Some folks on Micro.blog who also actively use Bluesky have noticed something new we’ve been rolling out over the last couple of days: Micro.blog will now look for replies on Bluesky to your blog posts, bringing them into the Micro.blog timeline. This transforms Micro.blog into a base platform to manage even more of your social interactions.
How does it work in practice? Here is the basic flow:
- Post to your blog. With Bluesky cross-posting enabled, Micro.blog will automatically copy your post to Bluesky.
- Someone on Bluesky sees your blog post and replies to your post. Their reply is copied to Micro.blog, showing up in the timeline and in the Mentions section just like replies from Micro.blog and Mastodon.
- Now you reply to the Bluesky post directly within Micro.blog. Micro.blog copies your reply back to Bluesky seamlessly.
Micro.blog is effectively a universal timeline for not just Micro.blog but also ActivityPub, Bluesky, and other services. We want to make the web a little better by encouraging people to post to their own blog while still being connected to friends. That means embracing open platforms wherever they are.
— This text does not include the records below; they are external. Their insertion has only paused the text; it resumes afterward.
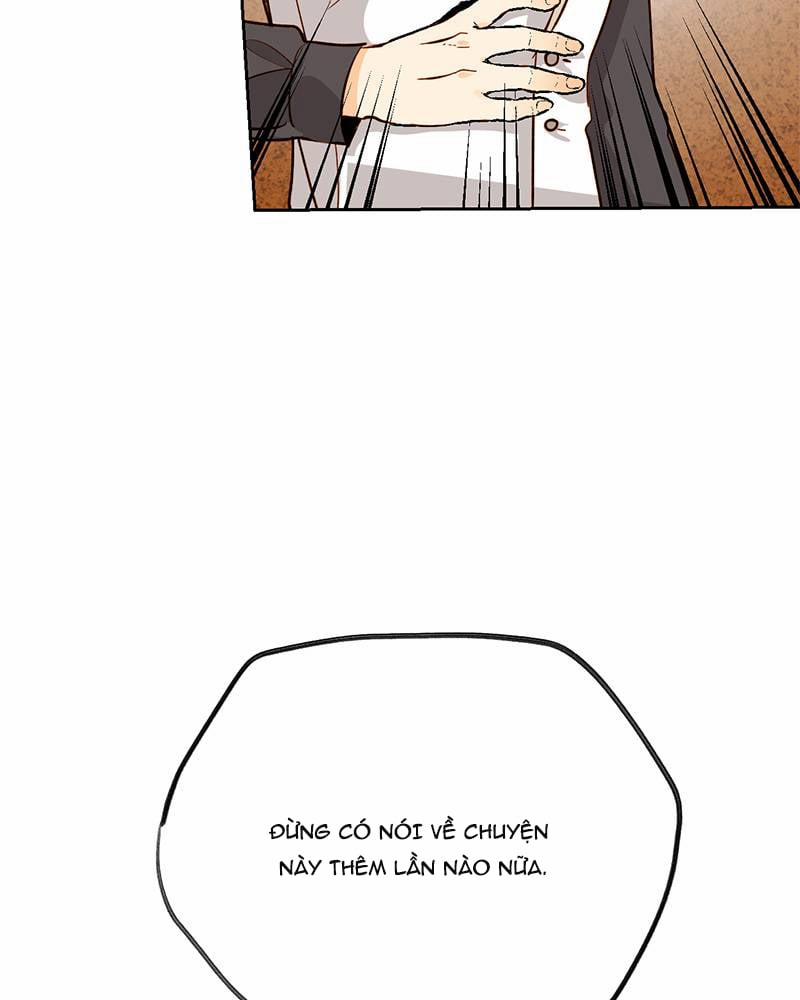 Hoàng Hậu Muốn Tái Hôn 27.2 trang 13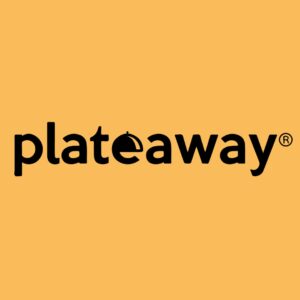 plateaway-new-logo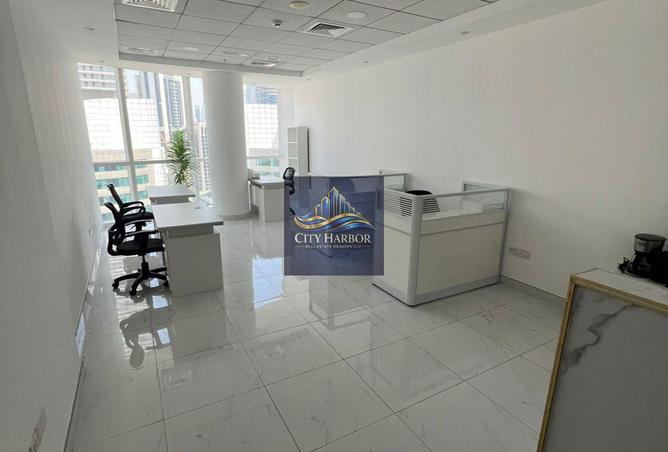 105983445 - Property Main Image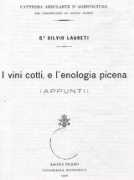 web.infinito.it Laureto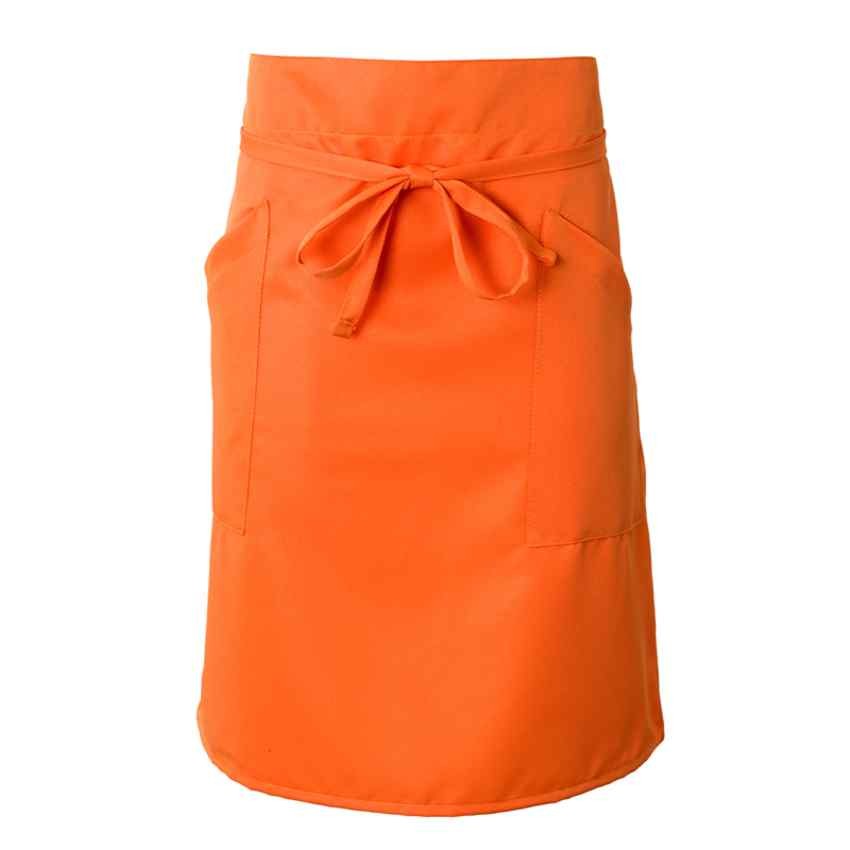 Grembiule da Lavoro Giblor's Positano Q1H00210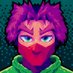 Emil Macko (@emilmacko) Twitter profile photo Emil Macko (@emilmacko) Twitter profile photo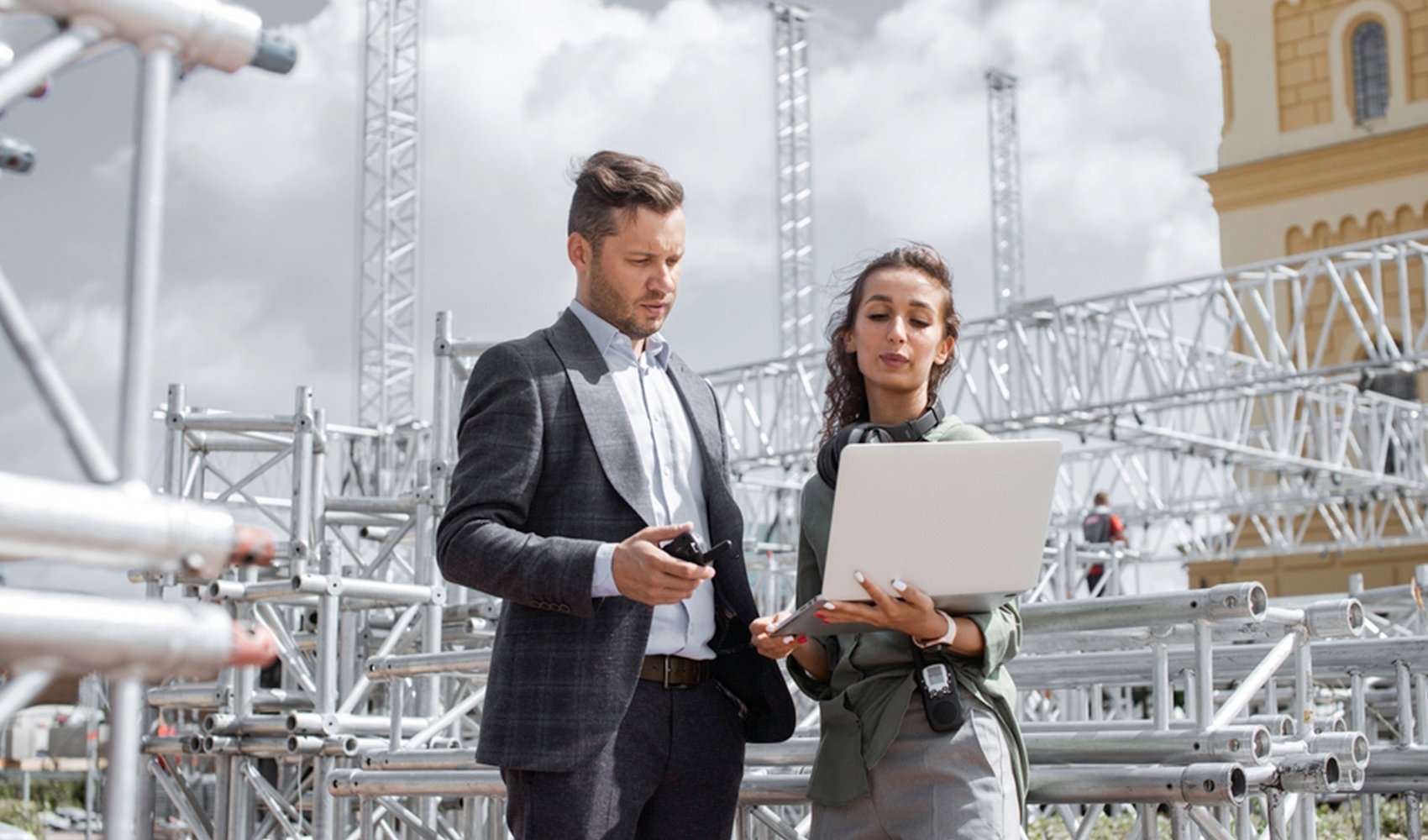 event-risk-management-software-momentus-technologies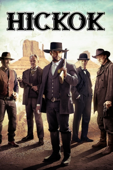 Hickok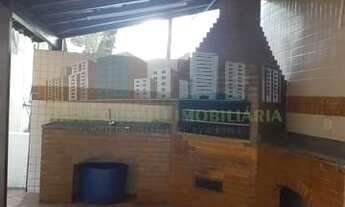 Imagem 5: Cobertura para Venda em Rio de Janeiro, Freguesia (Jacarepaguá), 4 dormitórios, 2 suítes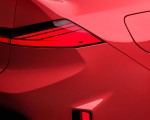 2026 BMW M Concept Neue Klasse Tail Light HD Wallpaper 150x120 (52)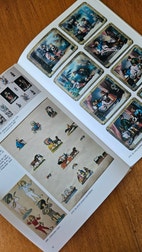 Miniatyrgalleribilde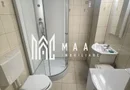 Garsonieră de închiriat | Central Sibiu | 45 mp, mobilată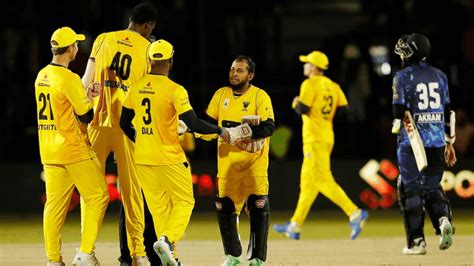 Pressure will be on India in the World Cup : Herschelle Gibbs | Cricket ...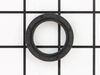 RADIAL-LIP-TYPE OIL SEAL – Part Number: 1610283019
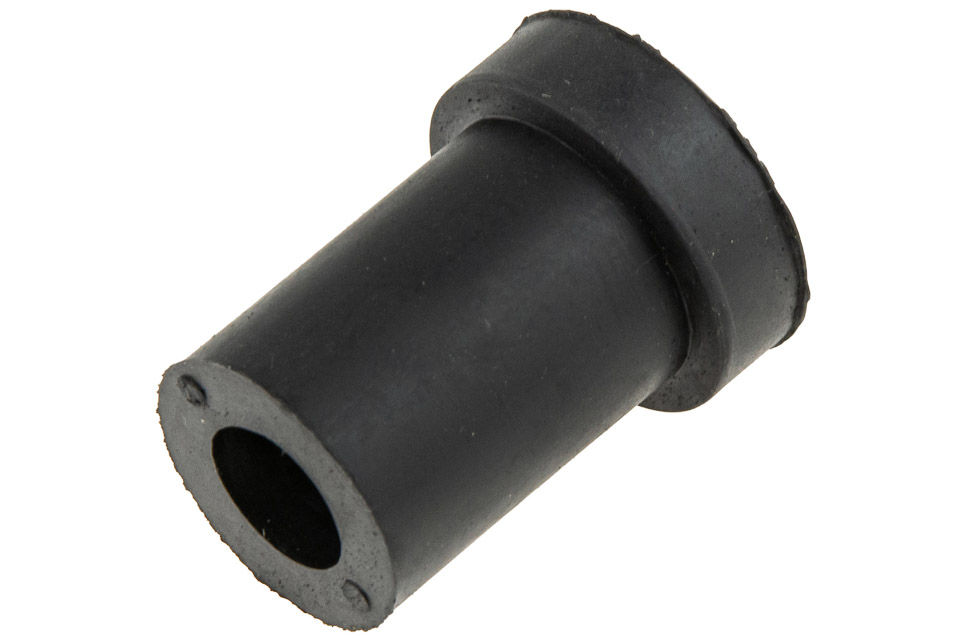 NTY SPRING BUSHING RUBBER-METAL FOR CHRYSLER VOYAGER III RG 00- ZTT-CH-001B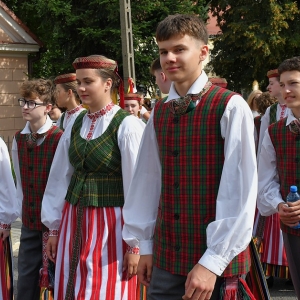 dozynki-legpol-fot-ewajak060.JPG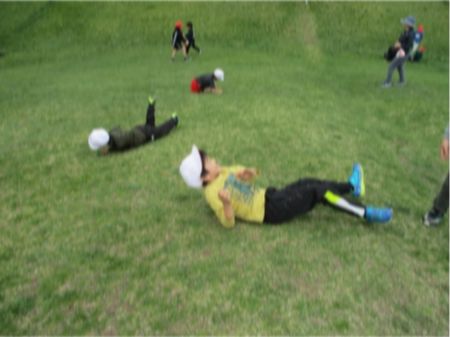 img_0363.jpg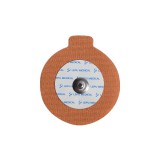 ELEKTRÓDA Viatom 24H hordható EKG-hez 10 db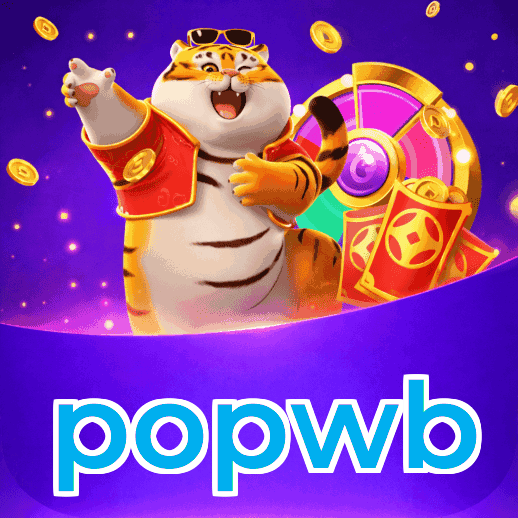 Plushie Frenzy Slot - PG Soft Game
Micro.blog’s timeline is not limited to just Micro.blog accounts. You can follow blogs with a domain name, Bluesky users, Threads users, and of course Mastodon users. Micro.blog has always been a sort of mashup of blogs and social networks, and as the post-Twitter world starts to take shape, you can expect Micro.blog to also become a more powerful feed reader.
It’s still early days for the next phase of the social web. I’m going to keep working on this, improving our support for Bluesky, including the eventual push toward making Micro.blog a personal data server with the AT Protocol. We’re not quite there yet but we’re getting closer.